The sentencing of Indonesian Umar Patek by a Jakarta court to 20 years in jail consolidates the victory against global terrorism that started with the killing of al-Qaeda leader Osama bin Laden in 2011. Patek, the man who devised the bombs that killed 200 people at Bali nightclubs in October 2002, was arrested in the same Pakistan town where US forces tracked down and killed Bin Laden, the man behind the Sept. 11, 2001, attacks on the World Trade Center’s Twin Towers in New York.

Now both Bin Laden and Patek have been either killed or jailed. Justice has been, more or less, served the victims, and extremism has been disabled.

For the Philippines, the conviction and jailing of Patek should be a welcome development since until his arrest, he was the country’s most wanted man. He is suspected to be behind the January 2011 bombing of a bus on Edsa in Makati City, which left five people dead. Married to a Filipina, Ruqayyah binti Husein Luceno, Patek stayed for eight years in Mindanao where he fled after the Bali bombings. He found safe refuge in the south where he worked along with the Moro Islamic Liberation Front and the Abu Sayyaf kidnap-for-ransom gang. Meanwhile, he made trips to Indonesia and worked with the Jemaah Islamiyah, the Southeast Asian splinter group of al-Qaida, in setting up a militant camp in Aceh. Thus, Patek thrived and carried out his activities in the Philippine south where he found a conflict-riven environment that welcomed his brand of extremism.

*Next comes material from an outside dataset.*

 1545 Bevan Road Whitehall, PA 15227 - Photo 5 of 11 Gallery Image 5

To their credit, Indonesian authorities prosecuted Patek with firmness and determination, sentencing him to jail and dealing a lethal blow against Jemaah Islamiyah and terrorism. It has also sentenced Patek’s wife to 27 months in jail for immigration violations. Three of the masterminds of the Bali bombings—Imam Samudra, Amrozi bin Nurhasyim and Ali Ghufron—were executed in 2008. Patek was the last of the accused to stand trial in Indonesia. He got a jail term instead of death penalty because he had expressed remorse for what he did.

For Indonesia, which has the world’s largest Muslim population, the 2002 Bali bombings were a watershed. Bali is a Javanese community that’s Indonesia’s prime tourist site, drawing Western tourists by the thousands every year. The bombings by fundamentalist Muslims of a non-Muslim resort town were a blow to the secular state and the multiculturalism and respect for religions Bali has vowed to protect and promote. The attacks forced the state to confront the presence of violent militants. Previous to Bali, there had been attacks on Christian churches, much like the attacks on Christian churches and the  kidnapping of  missionaries in Mindanao. True enough, among the charges Patek faced was a series of bombings that targeted Christian churches in Aceh.

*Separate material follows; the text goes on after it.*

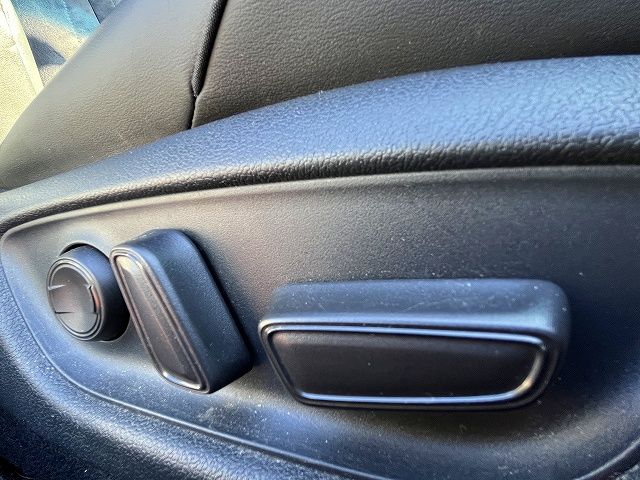 TOYOTA CROWN SEDAN HYBRID 2019 Image 31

Although the jailing of Patek is a decisive blow against extremism, the campaign against terrorism must not rest. Patek belongs to a generation of extremists who continue to operate even if they’re on the run. Many of this generation, like Patek, trained and fought in Pakistan and Afghanistan in the early 1990s and were deeply influenced by Bin Laden’s teachings. Patek’s co-refugee when he was in Mindanao was Dulmatin, another former Jemaah Islamiyah member, who returned to Indonesia and helped set up a military-style training camp in the province of Aceh. He was killed in a police raid just outside Jakarta in March 2010.

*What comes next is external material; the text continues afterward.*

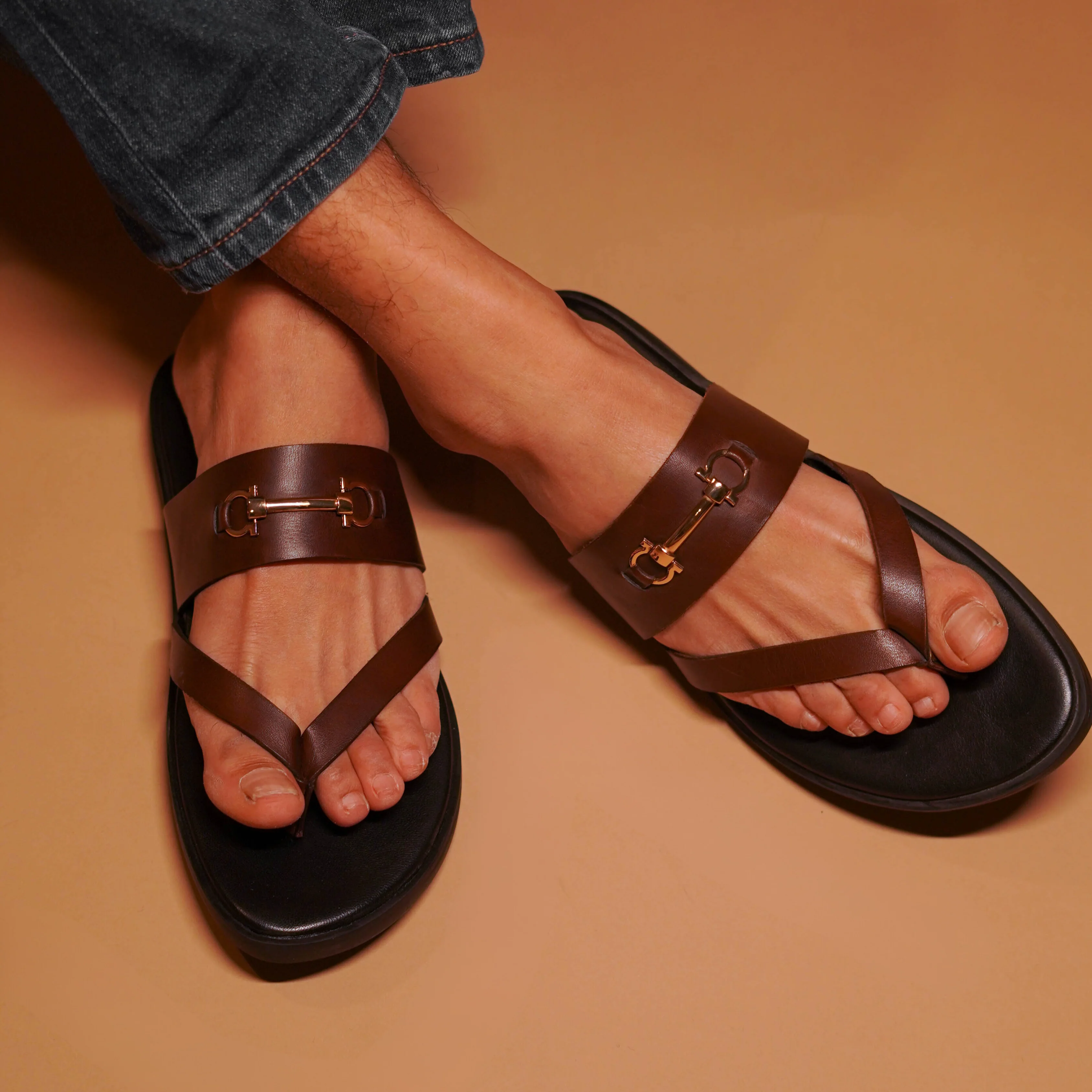 Pelle Fibio Bruno | Brown horsebit buckle leather chappals - Image 3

For Philippine authorities, the killing of Dulmatin and the capture of Patek should be instructive, if a bit humiliating. The two had consistently evaded capture by the Philippines’ military and police when they were in Mindanao in the last decade. In 2008 while their comrades faced the firing squad in Jakarta, Patek and Dulmatin were playing hide-and-seek with government forces. At one point, the Western Mindanao Command made the utterly laughable claim that the two were doling out money to communities so as to elude the military dragnet. The episode illustrates why Indonesia is winning the war against terrorism while the Philippines is losing it. Indonesia delivers results, the Philippines delivers alibis.